The acting S.G. (hey, why not just keep her in?) continues to state changing positions of the Biden Administration, now in a case that might need an amicus to keep the case alive. That seems off according to the John Roberts' solo dissent that is concerned about advisory opinions. If the government concedes their case, why should the matter be kept alive? But, they sometimes do that, just going to show that "case" and "controversy" is applied with some degree of flexibility. However you explain it, the Administration is being particularly busy early on.

SCOTUS dropped a mini-order list on Friday as they sometimes do on conference day.  Among the orders is  the appointment of an amicus for that case (Terry) and a note that it will be rescheduled for argument for this term.  The acting A.G., as is practically always done, was granted time to argue in a few cases.  A final order officially grants a request to appoint someone counsel for a case that is to be argued next week.  Not sure why it was done at the last minute, but the case involves the power of tribal police so should be at least somewhat interesting.  

(Kimberly Robinson from Bloomberg noted that the amicus selected, by Thomas apparently, is a three-peat when she knows of no one else who was even a repeat. It is dubious, especially for diversity reasons, to fill these limited slots with the same person over and over again. She also noted: "All three female #SCOTUS advocates arguing during the March sitting are from the Solicitor General's Office. 13 male advocates will take the lectern." KR is cool and earlier in the year posted a link for those who wanted to buy Girl Scouts cookies from her daughter.)

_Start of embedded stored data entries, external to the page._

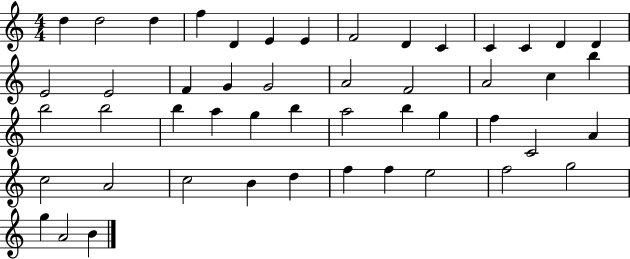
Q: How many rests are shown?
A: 0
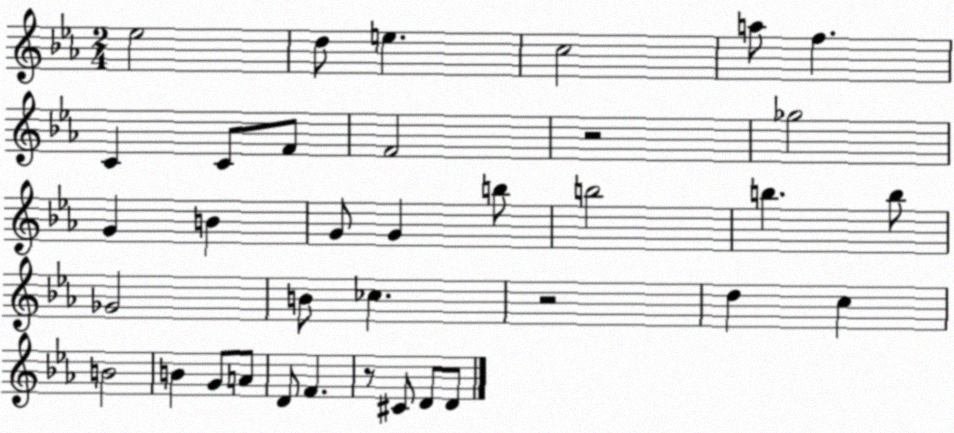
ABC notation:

X:1
T:Untitled
M:2/4
L:1/4
K:Eb
_e2 d/2 e c2 a/2 f C C/2 F/2 F2 z2 _g2 G B G/2 G b/2 b2 b b/2 _G2 B/2 _c z2 d c B2 B G/2 A/2 D/2 F z/2 ^C/2 D/2 D/2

There has been some sort of bipartisan move to televise the Supreme Court (Grassley supports it) for years now and the standard attempt was put out again. It didn't go anywhere in the past, except perhaps to encourage some lower courts to use video. Again, state supreme courts and supreme courts in other countries manage to do it. Breyer manages to do it when presiding over fake courts.  It is time. Oh. Sen. Sheldon "stan of many political watchers, especially but probably not limited to women" Whitehouse asked for an investigation on the alleged "fake" background check of Kavanaugh.

It is probably to be expected that a trillion plus piece of legislation that passed with no Republican votes (since they are tools) will be subject to court challenge, be it by asinine arguments. You take the bitter with the sweet there -- see the challenges to the Trump moves, some of which came out well for the challengers, a few of which were something of a stretch (though, e.g., the emoluments argument were legitimate).  What this will all wrought, along with other Biden stuff, in front of the Supreme Court will remain to be seen. Tainted 6-3 Court, it is.

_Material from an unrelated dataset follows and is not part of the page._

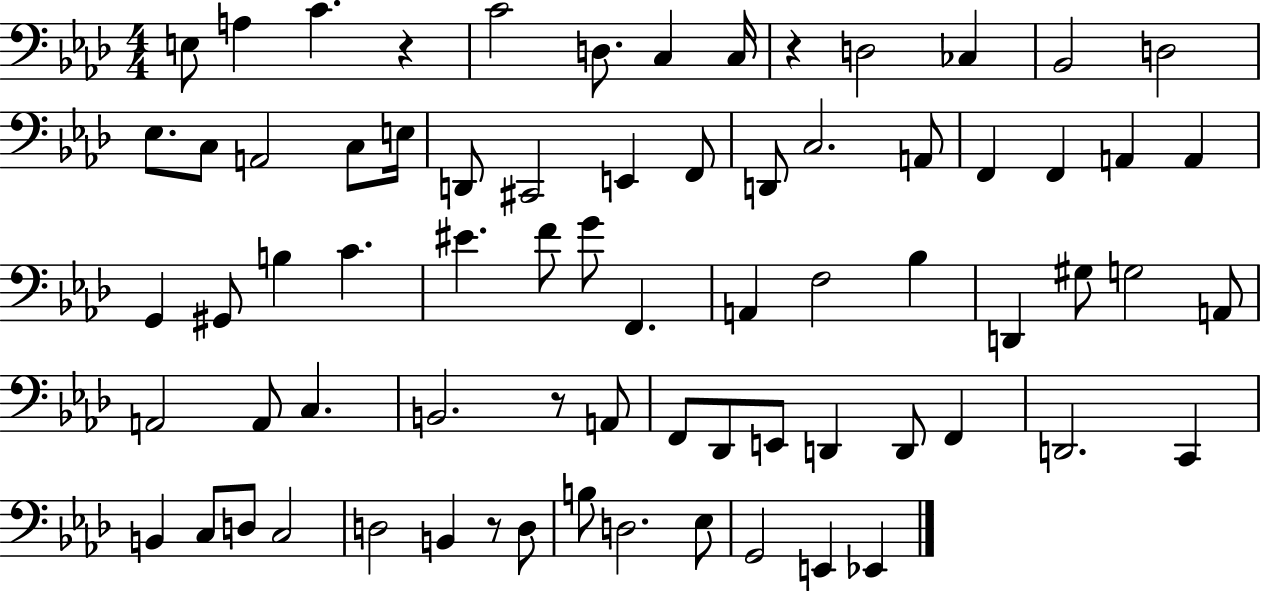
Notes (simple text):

E3/e A3/q C4/q. R/q C4/h D3/e. C3/q C3/s R/q D3/h CES3/q Bb2/h D3/h Eb3/e. C3/e A2/h C3/e E3/s D2/e C#2/h E2/q F2/e D2/e C3/h. A2/e F2/q F2/q A2/q A2/q G2/q G#2/e B3/q C4/q. EIS4/q. F4/e G4/e F2/q. A2/q F3/h Bb3/q D2/q G#3/e G3/h A2/e A2/h A2/e C3/q. B2/h. R/e A2/e F2/e Db2/e E2/e D2/q D2/e F2/q D2/h. C2/q B2/q C3/e D3/e C3/h D3/h B2/q R/e D3/e B3/e D3/h. Eb3/e G2/h E2/q Eb2/q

We are also stuck with stupid precedent though even there the Affordable Care Act Medicaid "rule" (more like a guideline) is harder to apply here in a one-off relief bill where the money involved is smaller. To remind, the Medicaid portion of that ruling led to voluntary Medicaid expansion, though "only" twelve states (the Old Confederacy minus a few, basically) have not accepted it at this point. The relief law includes a Medicaid provision, so we still have this sort of thing. 

The conference today was in person though "some" (saw at least one other person say something like "at least one" as if it was just Breyer or something) still worked remotely.  Note the standard thing where the public relations office tells the press something but it is not posted on the website specifically.  Instead, we simply learn that April arguments will be done remotely, the unsaid being that even if the justices (plus three) are all vaccinated, various lawyers will not be. 

Orders and arguments on Monday.  The one argument is a sort of libertarian Takings Clause case that suggests a requirement to allow labor organizers on property is a taking.  The Biden Administration switched from Trump's support of such regulation as taking extremism. As noted, another involves Native American policing and a third is a potentially important Fourth Amendment case.  So, nothing earth shattering, but a trio of fairly interesting and notable constitutional cases.